La situation semblant bloquée sur le front occidental en ce début de 1915, le haut commandement allemand décide en effet de porter le principal effort vers l’Est où devrait se jouer le sort de la guerre. Alfred sait-il quelle est sa nouvelle destination? D’après la carte suivante, la troupe s’est mise en marche vers le nord-est, et c’est au soir d’une étape, le dimanche 24 avril 1915, qu’il annonce avoir traversé Liège par une vue des «Places Verte et Saint-Lambert» avec leurs voitures à bras, fiacres et tramways. Un tampon indique: «Aus militärischen Gründen verzögert» [retardé pour raisons militaires]. Aucune indication concernant la destination de ce mouvement, mais quatre jours plus tard parvient à Mulhouse un courrier dans lequel Alfred annonce qu’il est envoyé sur le front russe. En cours de route il envoie deux cartes, l’une de Duisburg, l’autre de Dirschau sur la Vistule (aujourd’hui Tczew en Pologne), qui parviennent à Mulhouse dès le 2 mai. Jean Obrecht commente: après 8 mois de combats contre les Français, Alfred va désormais être engagé, avec quelques concitoyens de sa compagnie, dans la lutte contre les Russes.

    C’est en effet dans une nouvelle unité qu’il est versé: au 44e régiment d’infanterie «Graf Dönhoff» - encore appelé 7e de Prusse orientale - 3e bataillon, 10e compagnie. Son régiment - au passé prestigieux - fait partie de la 2e division d’infanterie, intégrée dans le 1er corps d’armée du front Est. Le terme de «concitoyens» [Landsleute] semble indiquer qu’un certain nombre d’Alsaciens ont partagé le même sort. Ce n’est sans doute pas un hasard: le général Gaede était connu pour sa méfiance à l’égard des Alsaciens qu’il suspectait de francophilie et qu’il a fait transférer en nombre vers le front russe. Un camarade d'Alfred, rencontré à Mulhouse par Jean Obrecht, confirme qu'il n'y a plus que "quelques Alsaciens" dans leur ancien régiment. Cette «brimade» s’est d’ailleurs avérée être une chance relative, puisque ainsi ils ont pu échapper aux grands massacres du front Ouest où l’«armée Gaede» a, par exemple, été engagée dans la bataille de la Somme en juin 1916.
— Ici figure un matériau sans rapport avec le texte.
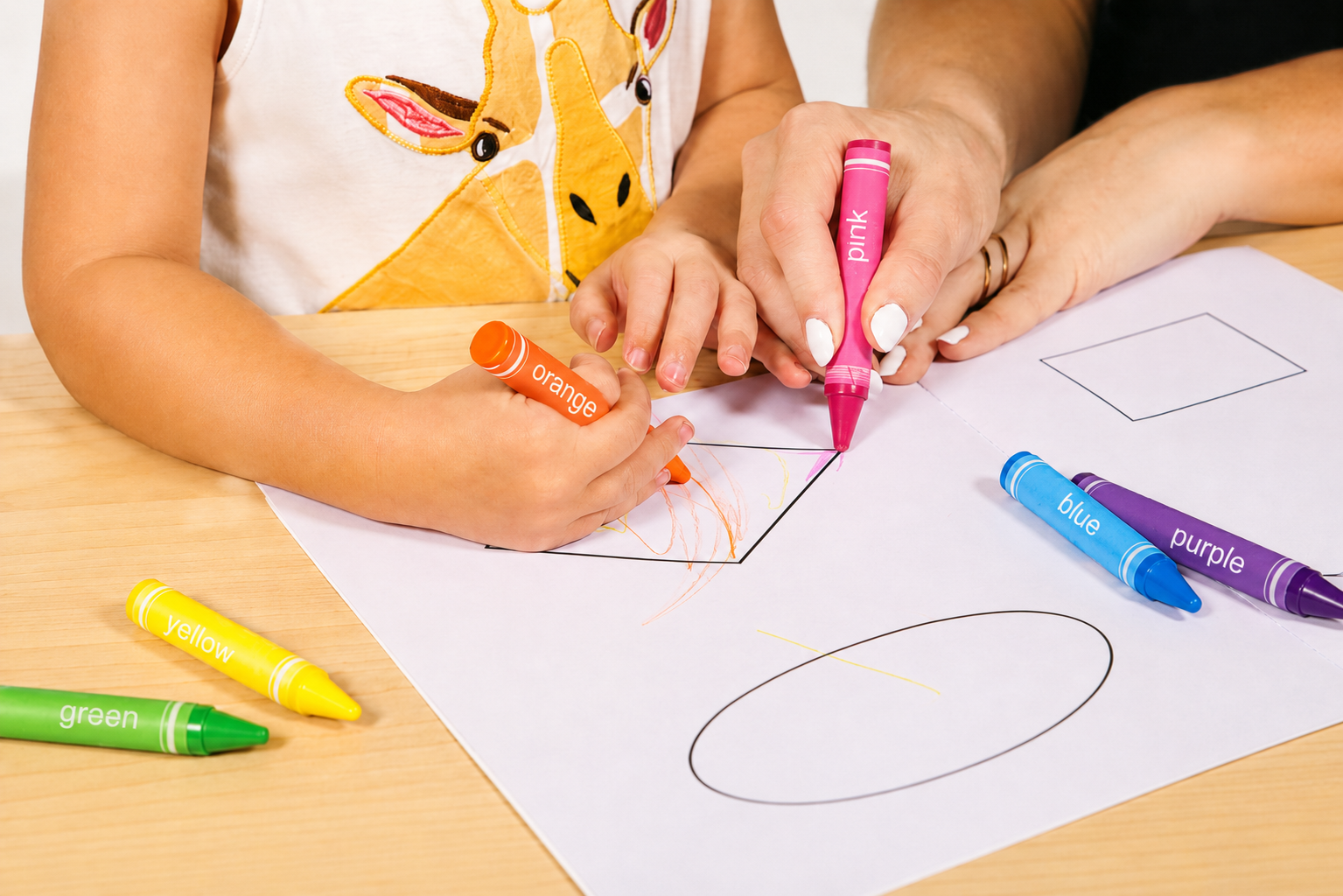 Criança e adulto usando marcadores de cores diferentes para colori e desenhar num papel. A criança veste uma camiseta com estampa de girafa.
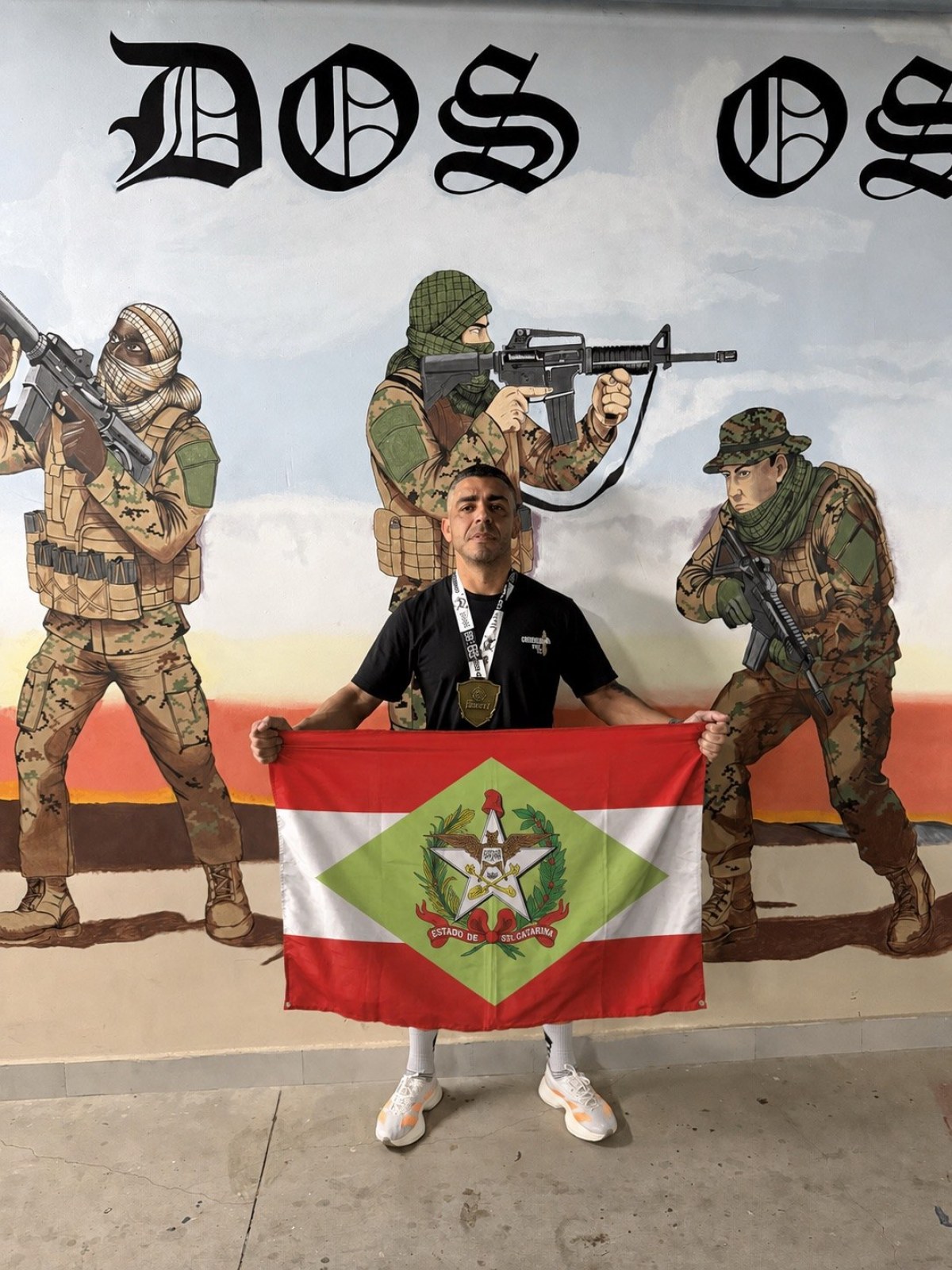 Rafael Sagaz com a bandeira de Santa Catarina na sede do BOPE, no Rio de Janeiro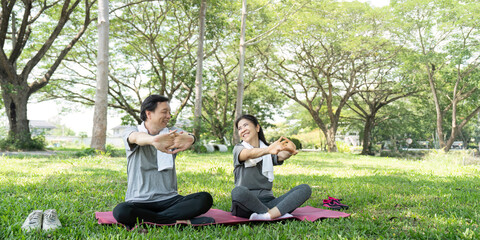 Couple Stretching Together in a Green Park. Embracing Wellness.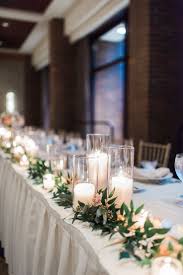 Head Table Decorated With Green Ruscus With A Collection Of Cylinder Candles Head Table Wedding Decorations Bridal Table Decorations Wedding Table Centerpieces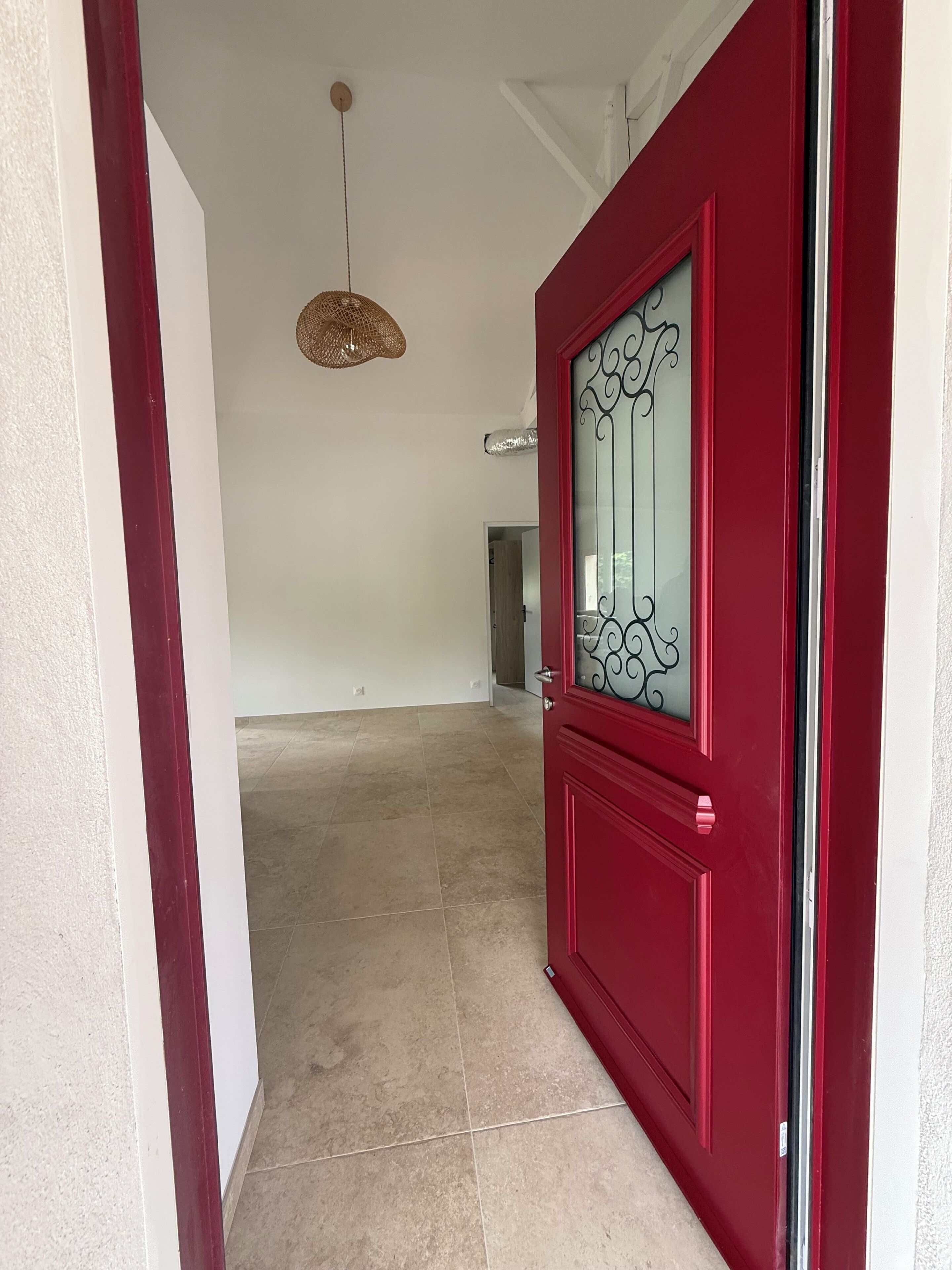 Un couloir avec une porte rouge, un luminaire suspendu et un sol carrelé.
    La 10e compagnie du "Graf Dönhoff" en corvée d'eau   

     Tout au long de ce premier hiver Alfred a reçu au moins un colis par semaine, au contenu le plus divers. Il s’agissait principalement au début de «douceurs »: pâté de foie, miel, tabac, cognac, café. Progressivement le contenu se diversifie et comprend aussi des denrées alimentaires de base: beurre, sucre, fromage, salami, ou encore des objets utiles: semelles, chaussettes, gants, bougies, bretelles, poudre contre les poux. Un envoi, en février 1915, de pastilles, réglisse, menthe et bonnet semble spécialement destiné à la lutte contre le froid. Au contenu des paquets il apparaît qu'Alfred est grand amateur de ces cigares que son beau-père continuera à lui envoyer alors que les denrées alimentaires se feront de plus en plus rares. Dans cette première phase il reçoit aussi régulièrement des mandats (généralement 50 Marks) qui continuent après le transfert sur le front russe, alors que le courrier devient plus irrégulier. L’envoi de paquets s’interrompt même avant de reprendre en septembre 1915; les lettres mettent environ deux semaines pour parvenir à destination et, un jour, cinq lettres d’Alfred arrivent en même temps.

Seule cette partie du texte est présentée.